Ans for Q3: Thank you for your comment. The mACE metric evaluates the error between the estimated and ground truth corner displacements in homography estimation tasks. Therefore, it is only applicable to stitching methods based on homography transformations.

However, many stitching methods—especially traditional, non-deep-learning approaches—do not rely on projective transformations as their warping models. This includes the comparison methods used in our manuscript, such as LPC, APAP, and UDIS2, all of which cannot be evaluated using the mACE metric.

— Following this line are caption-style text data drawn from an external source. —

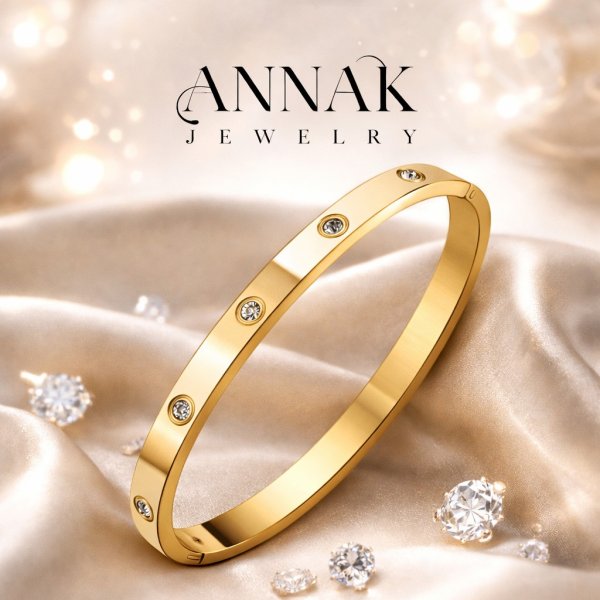 Anna K Jewelry - Armband City Guld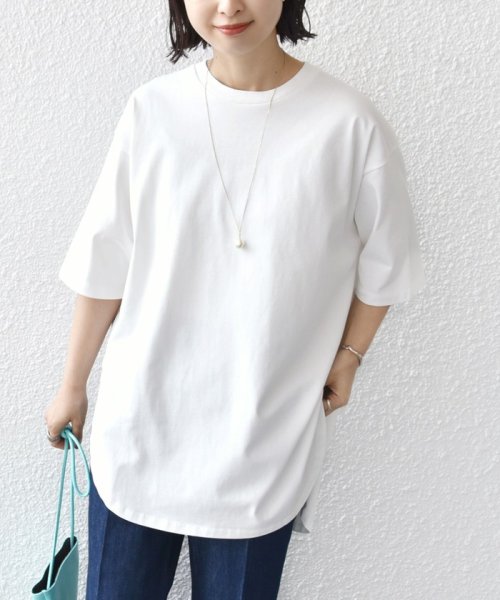 SHIPS WOMEN(シップス　ウィメン)/《予約》*バリエーション ネック スリット ビッグ TEE ◆/img21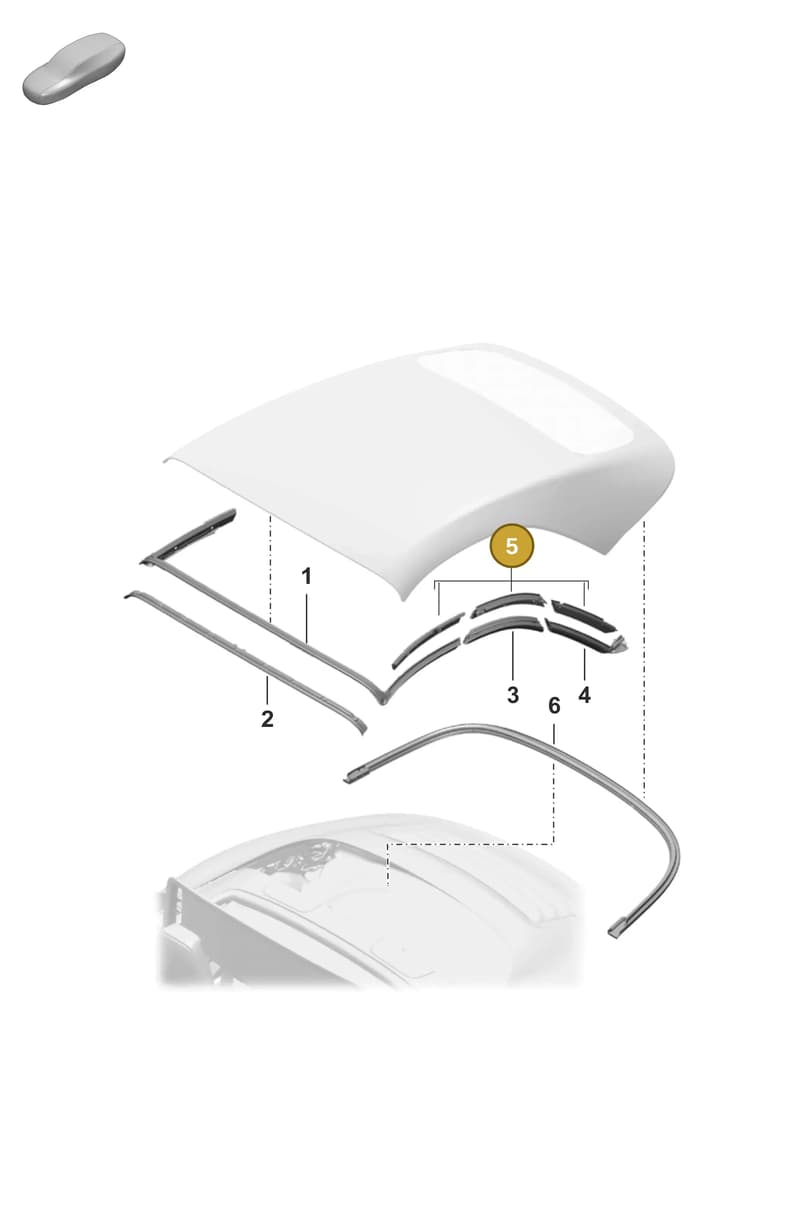 9P1898543C — Porsche 911 (2024-2025) diagram p53811250, position 5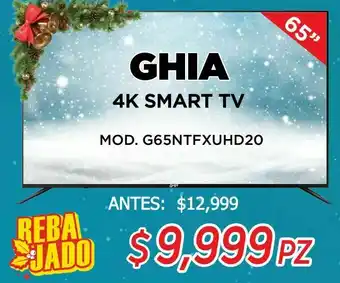 HEB Ghia 4k smart tv oferta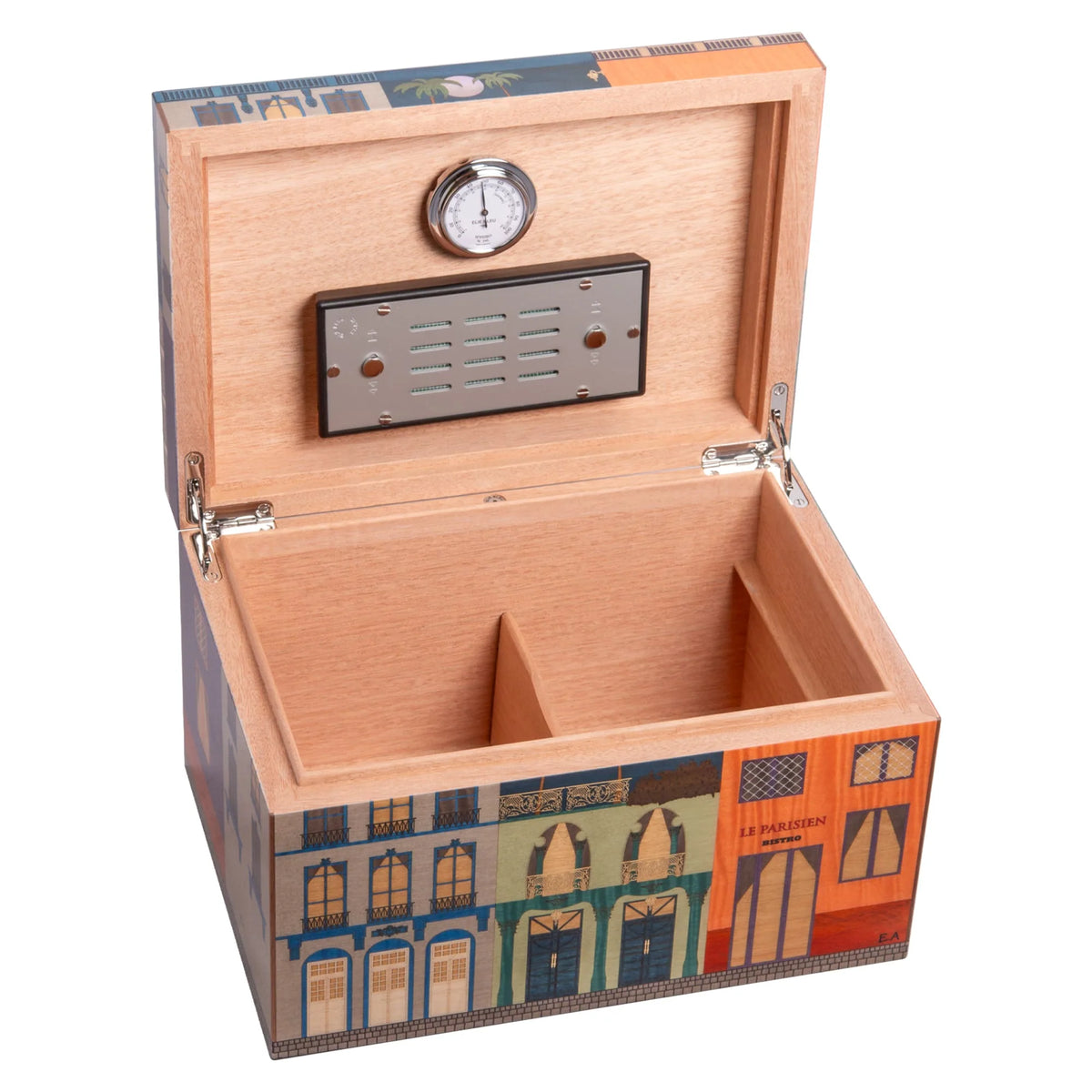 Elie Bleu Limited Edition Casa Cubana "Le Parisian Night" Multi-Color Sycamore Humidor (75 Cigars)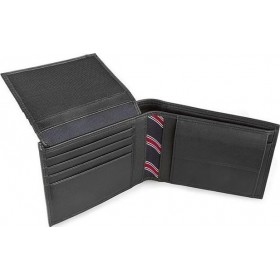 Tommy Hilfiger Mesh Flap Δερμάτινο Ανδρικό Πορτοφόλι Μαύρο Tommy Hilfiger Mesh Flap Δερμάτινο Ανδρικό Πορτοφόλι Μαύρο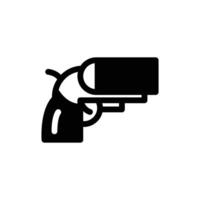 flare gun solid black icon design good for website and mobile app vector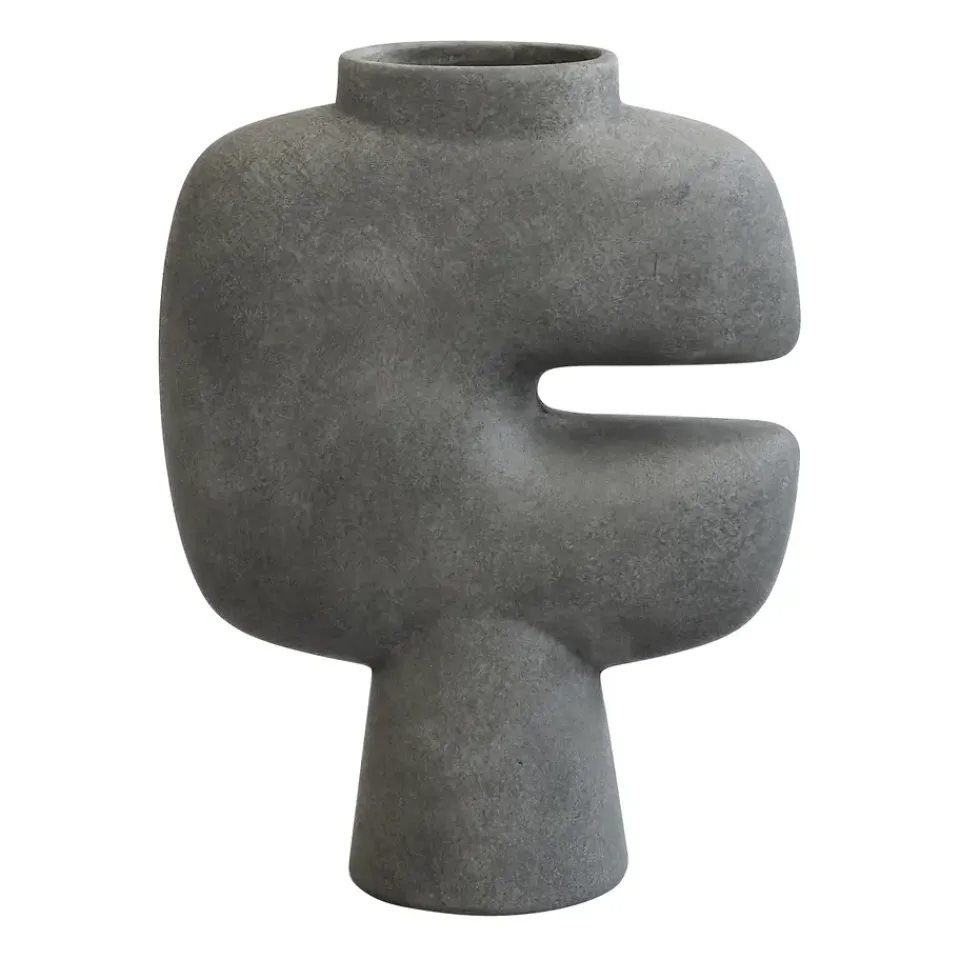 Vases<101 Copenhagen Vase Tribal medio, Gris foncé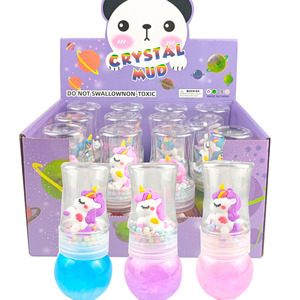 Venta caliente 12PCS Botella de bola desmontable de doble capa Brillo Elástico Little Horse Galaxy Crystal <span class=keywords><strong>Slime</strong></span> Kit - Product Image 3
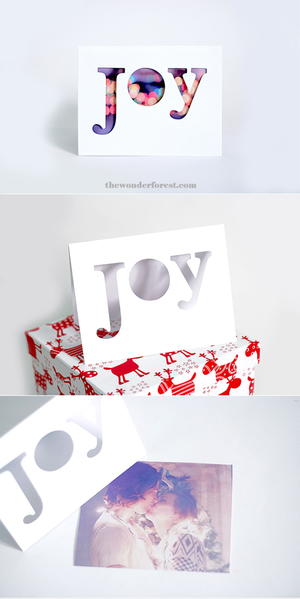 Cut-Out DIY Christmas Card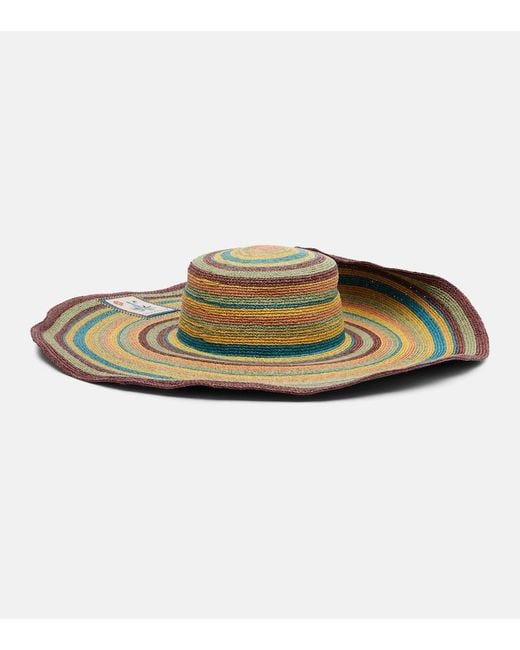 ALÉMAIS Multicolor Dusk Striped Raffia Sun Hat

For this reason, we did not use mACE in our comparative experiments. Instead, we relied on PSNR and SSIM, which are applicable to all stitching methods, as the evaluation metrics to compare the performance of the proposed approach.

Ans for Q4: Thank you for your valuable question. The Table presents the average training time in each epoch of our proposed method compared with other learning-based image stitching networks included in the manuscript. For a fair comparison, all methods were trained on the same device (NVIDIA RTX 4090 GPU) with a unified batch size of 8. Since our framework additionally includes a restoration subtask, the overall training time is longer than that of existing stitching networks. Specifically, our main network was trained for 160 epochs, taking approximately 66 hours in total, which is longer than the compared methods. In future work, we plan to improve training efficiency while maintaining performance.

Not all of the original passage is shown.